Des ados comme les autres

Vous l'aurez compris, la consommation de boissons alcoolisées chez les politiques est une pratique généralisée et ce n'est pas Cédric Jotterand, le directeur du Journal de Morges qui dira le contraire: «Chez nous, tout se passe autour d'un verre de vin et les politiques n'y échappent pas». Le journaliste relève toutefois une exception.

«Je connais un municipal qui ne boit pas, mais il arrive à 'pèdzer'* durant les soirées en partant toujours en dernier, ce qui est une qualité dans ce milieu.»
Cédric Joterrand, directeur du Journal de Morges

Pèdzer, soit rester coller à la conversation, c'est bien ce que les citoyens attendent de leurs élus confirme Philippe Leuba, ancien conseiller d'Etat vaudois PLR de 2007 à 2022.

«L'important c'est de rester discuter avec les gens et non de boire de l'alcool. Les remarques négatives fusent quand les politiques filent à l'anglaise»
Philippe Leuba, ancien conseiller d'Etat vaudois

Mais boire de l'alcool est-il une condition pour faire avancer les dossiers? A Berne, la conseillère nationale fribourgeoise Valérie Piller Carrard ne croit pas que cela ait une quelconque influence sur les échanges entre paires tandis que du côté jurassien, Murielle Bacchi-Berdat constate que «les compromis et les dossiers avancent durant les apéros», mais qu'il ne faudrait pour autant pas les lier à la consommation d'alcool. «On n'est pas obligé de boire pour se montrer convivial» note-t-elle.

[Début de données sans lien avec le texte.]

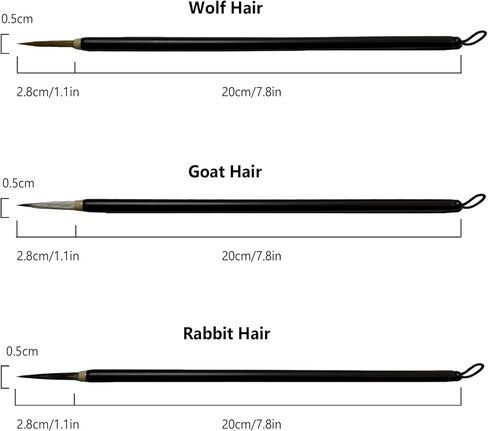 مجموعة 3 قطع من فرش الرسم الصيني لرسم خطوط طيور الزهور، جيدة الصنع وفعالة في أعمال الألوان المائية والخط، مناسبة للأوراق والمناظر الطبيعية in Kuwait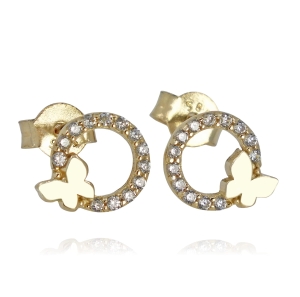 Złote Kolczyki Motylki z Cyrkoniami - pr. 585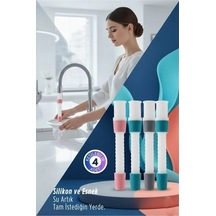 Mey İthalat 4 Lü Silikon Esnek Musluk Uzatıcı 14.5 Cm Lavabo Ve Mutfak Batarya Başlığı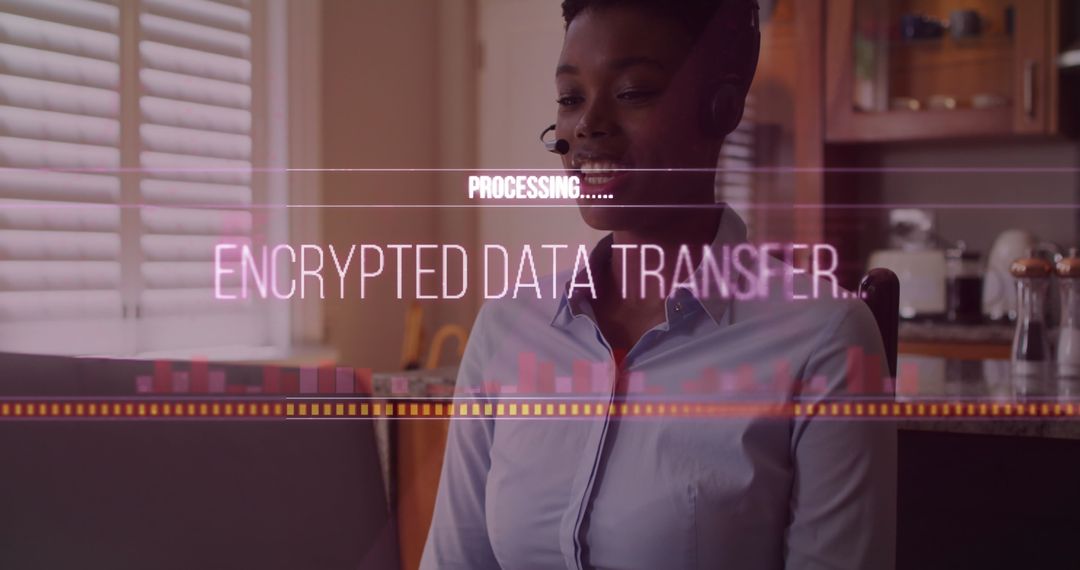 Businesswoman Utilizing Encrypted Data Transfer Technology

Cette remarque nous fait sourire, les politiques seraient-ils des ados comme les autres, en subissant l'influence du groupe? «Peut-être», sourit la conseillère municipale au bout du fil, elle poursuit:

«La consommation d'alcool a peut-être aussi diminué avec l'arrivée des femmes en politique. Elles sont physiologiquement différentes, notamment de par leur poids, elles tiennent moins l'alcool et sont aussi plus vulnérables dans ces situations. Cela nous a contraint à mettre en place des stratégies pour moins consommer et nous sommes aussi plus critiques sur cette question.»
Murielle Macchi-Berdat, conseillère communale à Delémont

Le verre toujours plein

Vous l'aurez compris, réussir sa carrière politique n'est de fait pas lié à sa consommation d'alcool (encore heureux), mais plutôt à l'image positive qui se dégage de ces moments conviviaux comme les verrées ou les apéritifs suite aux séances de travail. Le véritable enjeu serait donc de ne pas assimiler la convivialité au verre de blanc, pour cela, il manque encore de nombreuses alternatives au fameux «jus d'orange-chips» proposé depuis des décennies selon Murielle Macchi-Berdat.

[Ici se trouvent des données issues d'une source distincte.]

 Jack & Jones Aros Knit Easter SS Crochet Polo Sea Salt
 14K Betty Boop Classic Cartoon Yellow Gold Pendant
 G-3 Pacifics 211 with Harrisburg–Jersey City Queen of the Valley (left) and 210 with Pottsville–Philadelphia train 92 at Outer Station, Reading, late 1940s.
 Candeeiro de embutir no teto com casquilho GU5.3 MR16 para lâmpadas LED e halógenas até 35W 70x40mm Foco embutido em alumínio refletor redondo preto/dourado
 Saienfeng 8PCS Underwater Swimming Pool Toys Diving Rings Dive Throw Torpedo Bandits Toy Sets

«L'arrivée des femmes en politique, l'influence de la nouvelle génération qui propose plus de mets sans viande, tout cela participe à une évolution de notre consommation et se reflète aussi dans nos apéros.»
Murielle Macchi-Berdat, conseillère communale à Delémont

A la conseillère municipale de conclure qu'après son intervention dans l'article du Quotidien jurassien sur la consommation d'alcool des élus, des hommes politiques sont venus la voir pour parler de leur vécu et «partager» leur tactique.

«Ils m'ont dit qu'ils avaient leur stratégie pour consommer moins d'alcool, dont celui de garder toujours leur verre plein et de faire croire qu'ils ont été resservis»
Murielle Macchi-Berdat, conseillère communale à Delémont

Ces stratégies d'évitement sont rarement divulguées et assumées par les hommes, à croire que l'image du politique consommateur d'alcool et bon vivant a encore de beaux jours devant elle.